I. Conceptual Evolution: From Crypto Leverage Tool to Mainstream Financial Infrastructure
On-chain lending is not new. In 2020, Compound’s introduction of liquidity mining propelled DeFi beyond niche tech circles into mainstream awareness—ushering in the so-called “DeFi Summer.” At that time, on-chain lending functioned primarily as a crypto-native, highly leveraged instrument: users over-collateralized crypto assets to access liquidity, then deployed that liquidity into yield aggregators or automated market makers to chase annualized returns multiples higher than traditional finance. This model operated smoothly during bull markets—but the Terra/Luna collapse and FTX bankruptcy in 2022 exposed critical fragilities in ultra-high collateral ratios and cascading liquidations.
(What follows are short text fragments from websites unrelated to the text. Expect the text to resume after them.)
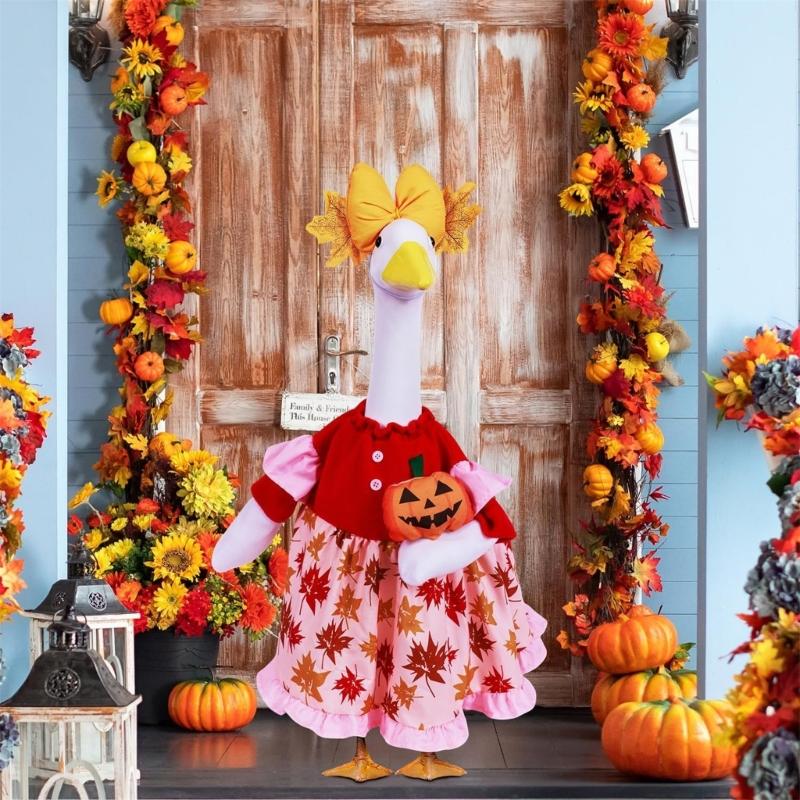 Adorable Fabric Geese Blouse Costume For Porch Yard Halloween Fall Seasonal Holiday Decorations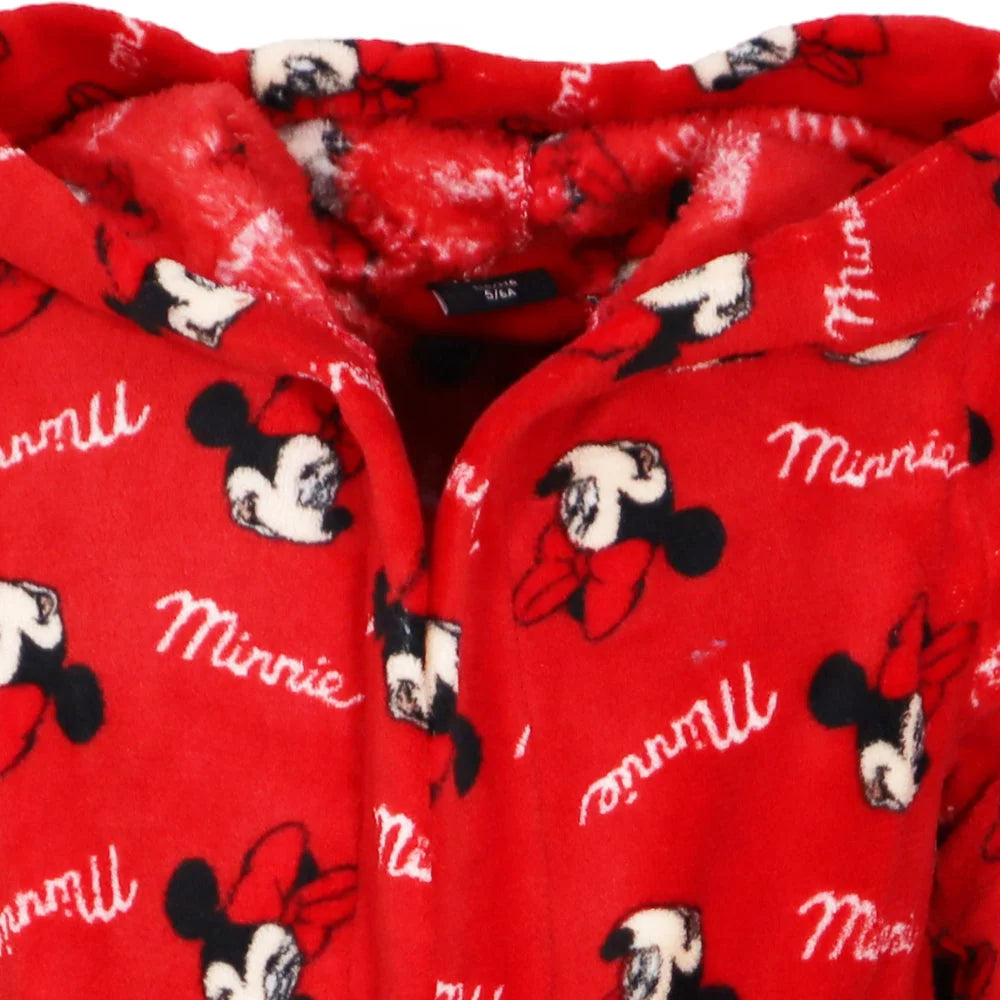 Disney Minnie Maus Kinder Mädchen Fleece Bademantel mit Kapuze - WS-Trend.de Gr. 98 - 128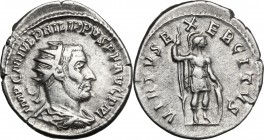 Philip I (244-249). AR Antoninianus, Antioch mint, 244-246. D/ Bust right, radiate, draped, cuirassed. R/ Virtus standing right, holding spear and lea...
After two years of bear-market consolidation, on-chain lending completed a pivotal transition—from “leverage tool” to “allocation infrastructure.” This shift was driven by three converging forces: first, improving regulatory clarity—such as the EU’s MiCA framework and the SEC’s gradual ETF approvals—has lowered compliance barriers for traditional capital entering on-chain ecosystems; second, the tokenization wave of real-world assets (RWAs)—including U.S. Treasuries, tokenized corporate bonds, and real estate income rights—is transforming on-chain lending’s collateral composition and user profile; third, maturing interest rate marketization—from purely floating-rate models to dedicated fixed-rate protocols (e.g., Notional, Yield Protocol) and hybrid frameworks (e.g., Pendle)—is aligning on-chain interest pricing more closely with traditional financial markets.
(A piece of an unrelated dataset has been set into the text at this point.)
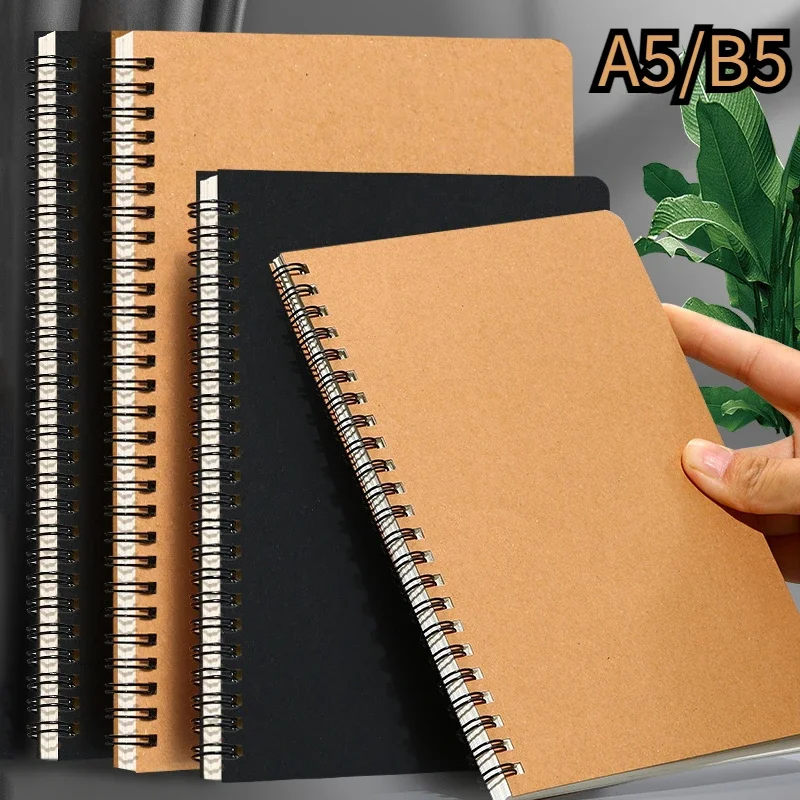 A5 B5 โน้ตบุ๊ค 120 หน้าเกลียวหนังสือไดอารี่กระดาษคราฟท์ปกแนวนอน Notepad เครื่องเขียนอุปกรณ์สํานักงานโรงเรียน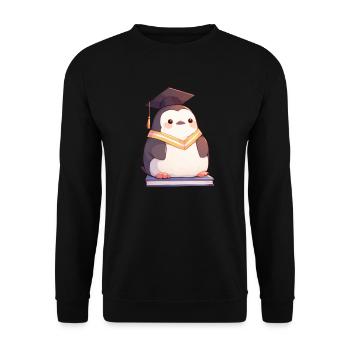 Penguin Graduate Kawaii Penguin Cute - Unisex Sweatshirt - black - Front - Alina (178cm) & Michal (187cm)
As of early 2026, on-chain lending’s asset classification has crystallized into a clear three-tier architecture: at the base lies stablecoin lending—dominated by USDC, DAI, and USDT—which represents the largest, lowest-risk segment, with typical loan-to-value (LTV) ratios reaching 80–90%; the middle layer consists of volatile-asset lending backed by major cryptocurrencies like ETH and BTC, where LTVs are typically capped at 50–70% to mitigate liquidation risk amid sharp price swings; at the apex sits RWA-backed lending—including tokenized U.S. Treasuries (e.g., Ondo Finance’s OUSG), corporate credit (e.g., Maple Finance’s private debt), and real estate income rights—which is rapidly emerging as on-chain lending’s new growth engine, particularly attractive to institutional investors seeking compliant capital entry points. Geographically, user composition is undergoing profound change: Asian markets remain dominated by retail investors and arbitrageurs who favor high leverage and complex strategies; European and U.S. markets exhibit clear institutionalization trends, with heightened demand for compliant custody, KYC verification, and audit transparency. This divergence directly shapes regional protocol design priorities.
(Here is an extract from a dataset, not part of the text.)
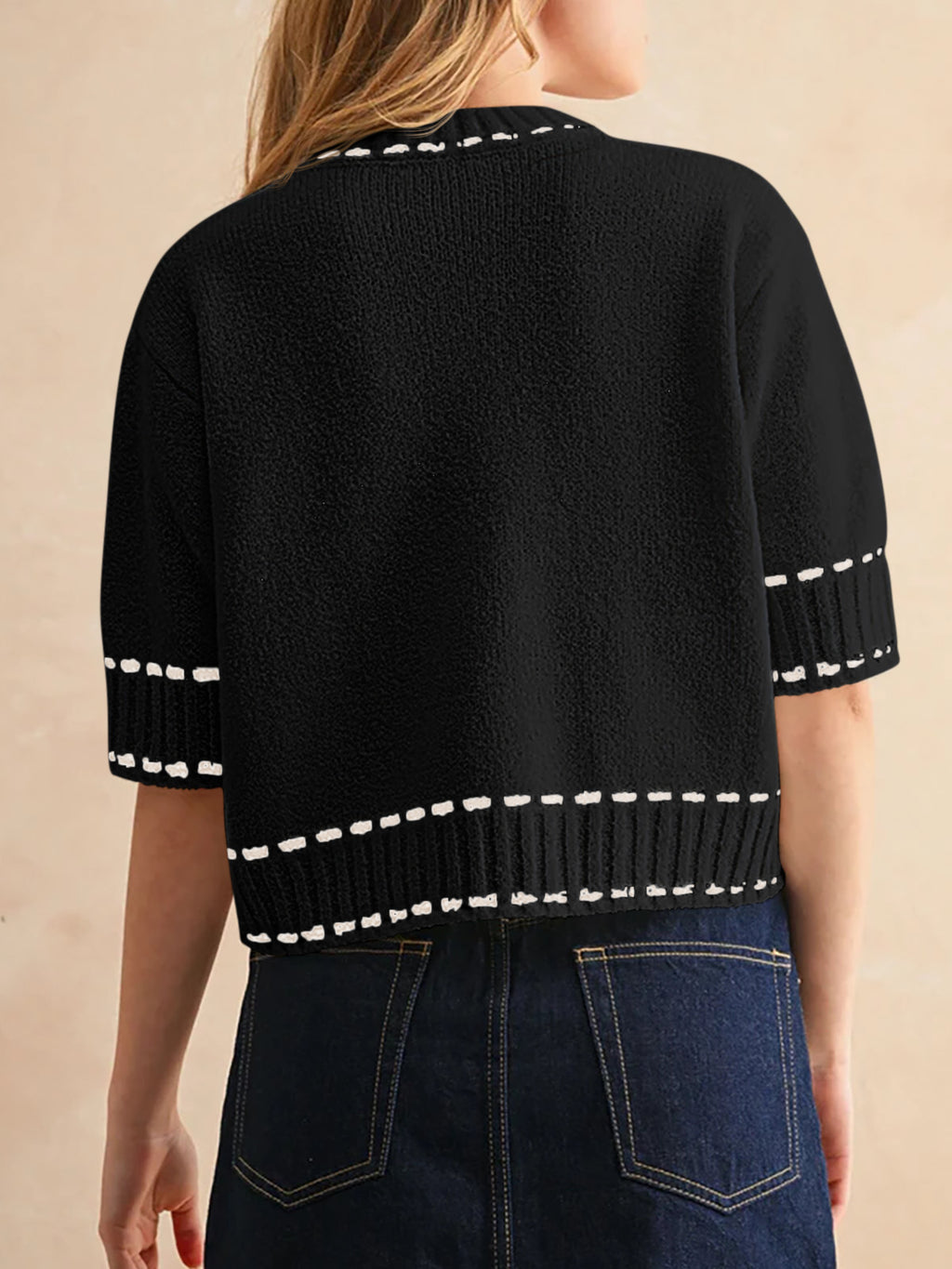 Saodimallsu Womens Cropped Crew Neck Knit Sweater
II. Competitive Landscape: “One-Dominant, Multiple-Strong” and Technical Divergence
The on-chain lending market exhibits a classic “one-dominant, multiple-strong” competitive structure. Aave commands absolute dominance with ~$32.9 billion in TVL—a figure over ten times larger than runner-up Compound (~$2.6 billion) and representing more than 50% of the entire lending sector’s TVL. Yet Aave’s moat does not stem from network effects or brand recognition—largely irrelevant in open-source protocol ecosystems—but rather from relentless technical iteration and ecosystem expansion. From Aave V1’s floating-rate model, to V2’s credit delegation and flash loans, to V3’s Portal cross-chain liquidity and isolation mode, each Aave generation precisely addresses prevailing market pain points. The upcoming V4 release—scheduled for mid-2026—will further enhance cross-chain liquidation capabilities and embed institutional-grade compliance frameworks. Beneath Aave’s shadow, differentiated protocols are carving out distinct niches. Morpho Labs pursued an unconventional evolutionary path: beginning as an optimization layer atop Aave and Compound (boosting capital efficiency via peer-to-peer matching), it gradually evolved into independent offerings—Morpho Blue (oracle-free, governance-free lending) and Morpho Vaults (professional risk managers curating yield strategies)—transitioning from “optimization layer” to “standalone protocol.” Spark Finance, meanwhile, leverages MakerDAO’s DSR (DAI Savings Rate) ecosystem to establish a robust user base in stablecoin lending, with its technical synergy with Aave V3 positioning it as a key conduit for institutional adoption.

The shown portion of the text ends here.